Fix the Context, Rerun
The fix wasn’t to change the experiment design. It was to reconstruct the execution context for each step:
- Fix the evaluator’s output capture (terminal color codes no longer leak in)
- Launch an independent scorer sub-agent for each scenario, given only that scenario’s scoring input
- Aggregation done by whoever knows the secret mapping, not by the scorer
Two fixes, both with data changes. S1-A recovered from 0.625 to 2.500. Aggregation logic changed from “one scorer for all scenarios” to “independent scorer per scenario.” v2 results:
| Scenario | Variant A | Variant B | Winner | Gap |
|---|---|---|---|---|
| S1 | 2.500 | 2.750 | B | +0.250 |
| S2 | 2.375 | 2.500 | B | +0.125 |
| S3 | 2.250 | 2.375 | B | +0.125 |
| S4 | 2.125 | 2.500 | B | +0.375 |
| Metric | v1 (no execution constraints) | v2 (reconstructed context) |
|---|---|---|
| B wins | 3/4 (S3 tie) | 4/4 |
| Magnitude filter | 0.73 ❌ | 0.91 ✅ |
| A average | 2.031 | 2.313 |
| B average | 2.781 | 2.531 |
| Conclusion | Insufficient evidence, cannot adopt | Adopt B |
One detail worth noting: B’s average dropped from 2.781 to 2.531 in v2. B didn’t get weaker—v1’s S1-A score of 0.625 dragged down A’s average severely, making B look like it won by a lot. After the fix, the gap narrowed, but the data became more reliable.
Reconstructed the execution context for two steps, and the conclusion flipped from “insufficient evidence” to “adopt B.”

If the Design Was Right, Why Did It Fail?
The experiment design was flawless—double-blind protocol, secret mapping, 8-dimension rubric. Yet v1 still failed, because getting the design right only solves half the problem:
- The evaluator wasn’t asked to verify output integrity, so it didn’t report the ANSI pollution
- The scorer was given 4 scenarios’ data, so it naturally aggregated across them—flattening the difference
v2’s fix didn’t touch the experiment design. It did two things: added output integrity checks to the evaluator, and changed the scorer from “one agent scores all scenarios” to “one independent agent per scenario.”
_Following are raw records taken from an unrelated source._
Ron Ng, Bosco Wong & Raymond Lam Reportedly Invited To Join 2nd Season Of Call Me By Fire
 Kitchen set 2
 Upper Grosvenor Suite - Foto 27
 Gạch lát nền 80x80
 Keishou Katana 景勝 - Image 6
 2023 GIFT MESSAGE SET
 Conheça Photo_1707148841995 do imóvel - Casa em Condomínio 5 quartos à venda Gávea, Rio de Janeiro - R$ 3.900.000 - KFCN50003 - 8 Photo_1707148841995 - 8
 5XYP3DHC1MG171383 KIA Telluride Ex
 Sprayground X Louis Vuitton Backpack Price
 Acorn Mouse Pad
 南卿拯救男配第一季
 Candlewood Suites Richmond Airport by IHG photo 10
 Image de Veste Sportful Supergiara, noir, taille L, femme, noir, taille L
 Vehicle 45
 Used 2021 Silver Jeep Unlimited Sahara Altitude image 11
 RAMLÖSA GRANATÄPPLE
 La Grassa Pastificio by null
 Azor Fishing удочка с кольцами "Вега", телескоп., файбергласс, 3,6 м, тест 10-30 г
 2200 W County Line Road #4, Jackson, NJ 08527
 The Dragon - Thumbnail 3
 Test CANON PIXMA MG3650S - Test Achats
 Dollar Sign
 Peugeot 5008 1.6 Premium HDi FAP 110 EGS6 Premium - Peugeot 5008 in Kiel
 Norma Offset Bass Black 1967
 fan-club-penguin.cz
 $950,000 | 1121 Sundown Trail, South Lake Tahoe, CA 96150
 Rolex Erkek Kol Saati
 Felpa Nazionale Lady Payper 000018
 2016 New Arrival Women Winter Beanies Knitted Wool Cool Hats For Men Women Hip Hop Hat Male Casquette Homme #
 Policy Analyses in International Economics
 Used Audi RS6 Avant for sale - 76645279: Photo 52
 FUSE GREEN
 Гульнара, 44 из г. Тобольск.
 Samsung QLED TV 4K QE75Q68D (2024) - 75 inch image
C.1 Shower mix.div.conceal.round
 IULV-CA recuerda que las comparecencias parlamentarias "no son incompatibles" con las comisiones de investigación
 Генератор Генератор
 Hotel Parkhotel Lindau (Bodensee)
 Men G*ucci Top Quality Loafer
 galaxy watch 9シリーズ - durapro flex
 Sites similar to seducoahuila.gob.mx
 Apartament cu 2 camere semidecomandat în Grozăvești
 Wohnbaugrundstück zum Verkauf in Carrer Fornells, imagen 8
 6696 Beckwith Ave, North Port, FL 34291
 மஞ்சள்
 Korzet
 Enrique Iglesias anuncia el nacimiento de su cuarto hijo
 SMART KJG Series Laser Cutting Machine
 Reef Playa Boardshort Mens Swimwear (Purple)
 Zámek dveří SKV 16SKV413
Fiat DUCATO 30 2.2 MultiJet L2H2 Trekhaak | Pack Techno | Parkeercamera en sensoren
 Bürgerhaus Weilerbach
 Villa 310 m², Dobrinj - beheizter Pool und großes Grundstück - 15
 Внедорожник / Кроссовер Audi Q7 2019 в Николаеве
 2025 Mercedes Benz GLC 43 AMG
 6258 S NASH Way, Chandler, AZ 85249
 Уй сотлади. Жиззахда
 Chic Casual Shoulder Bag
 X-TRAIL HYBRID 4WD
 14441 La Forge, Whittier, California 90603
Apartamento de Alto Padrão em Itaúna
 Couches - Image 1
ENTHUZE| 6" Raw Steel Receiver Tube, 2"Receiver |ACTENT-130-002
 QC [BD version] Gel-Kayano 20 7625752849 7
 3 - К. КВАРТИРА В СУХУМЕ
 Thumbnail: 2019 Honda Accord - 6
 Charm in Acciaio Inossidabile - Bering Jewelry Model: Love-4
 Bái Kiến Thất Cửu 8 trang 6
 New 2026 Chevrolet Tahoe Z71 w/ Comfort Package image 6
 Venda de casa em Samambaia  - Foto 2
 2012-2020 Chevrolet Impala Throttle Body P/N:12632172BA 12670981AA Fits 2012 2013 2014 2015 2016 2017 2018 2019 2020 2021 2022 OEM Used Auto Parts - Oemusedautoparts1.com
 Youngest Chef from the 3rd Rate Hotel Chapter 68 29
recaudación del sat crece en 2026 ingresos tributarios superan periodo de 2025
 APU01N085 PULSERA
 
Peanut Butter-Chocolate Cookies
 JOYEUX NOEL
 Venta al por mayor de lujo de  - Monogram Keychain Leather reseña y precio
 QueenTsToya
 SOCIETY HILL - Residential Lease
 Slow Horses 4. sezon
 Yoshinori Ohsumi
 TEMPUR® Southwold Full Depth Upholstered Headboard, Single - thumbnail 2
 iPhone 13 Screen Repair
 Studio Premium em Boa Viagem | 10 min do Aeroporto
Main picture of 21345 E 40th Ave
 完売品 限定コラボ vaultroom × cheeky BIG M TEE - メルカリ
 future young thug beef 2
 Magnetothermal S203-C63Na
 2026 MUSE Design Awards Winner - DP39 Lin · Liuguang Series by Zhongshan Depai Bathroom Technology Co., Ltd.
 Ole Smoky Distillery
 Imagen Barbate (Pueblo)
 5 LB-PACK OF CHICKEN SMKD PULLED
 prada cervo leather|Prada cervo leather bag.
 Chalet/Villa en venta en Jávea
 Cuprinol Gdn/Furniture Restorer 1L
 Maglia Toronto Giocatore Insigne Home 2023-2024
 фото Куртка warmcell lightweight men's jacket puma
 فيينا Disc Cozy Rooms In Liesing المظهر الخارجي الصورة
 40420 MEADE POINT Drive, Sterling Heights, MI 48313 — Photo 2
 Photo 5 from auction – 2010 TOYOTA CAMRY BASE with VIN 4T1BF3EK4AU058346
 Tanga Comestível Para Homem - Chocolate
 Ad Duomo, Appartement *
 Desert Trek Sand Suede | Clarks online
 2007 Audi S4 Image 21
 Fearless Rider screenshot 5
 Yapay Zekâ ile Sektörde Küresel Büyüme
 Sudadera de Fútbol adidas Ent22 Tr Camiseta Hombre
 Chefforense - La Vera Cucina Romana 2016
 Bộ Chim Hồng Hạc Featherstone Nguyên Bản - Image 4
Working on tdd-pipeline, similar lessons kept appearing. Designing a workflow is one thing—what to do, in what order. Constructing context is another—what each sub-agent sees, what it doesn’t see, under what conditions it should refuse to execute.
This experiment’s iteration reminded me: successful engineering implementation requires both sound workflow design and careful context construction for each sub-agent handling a task. Both are critical to achieving the goal.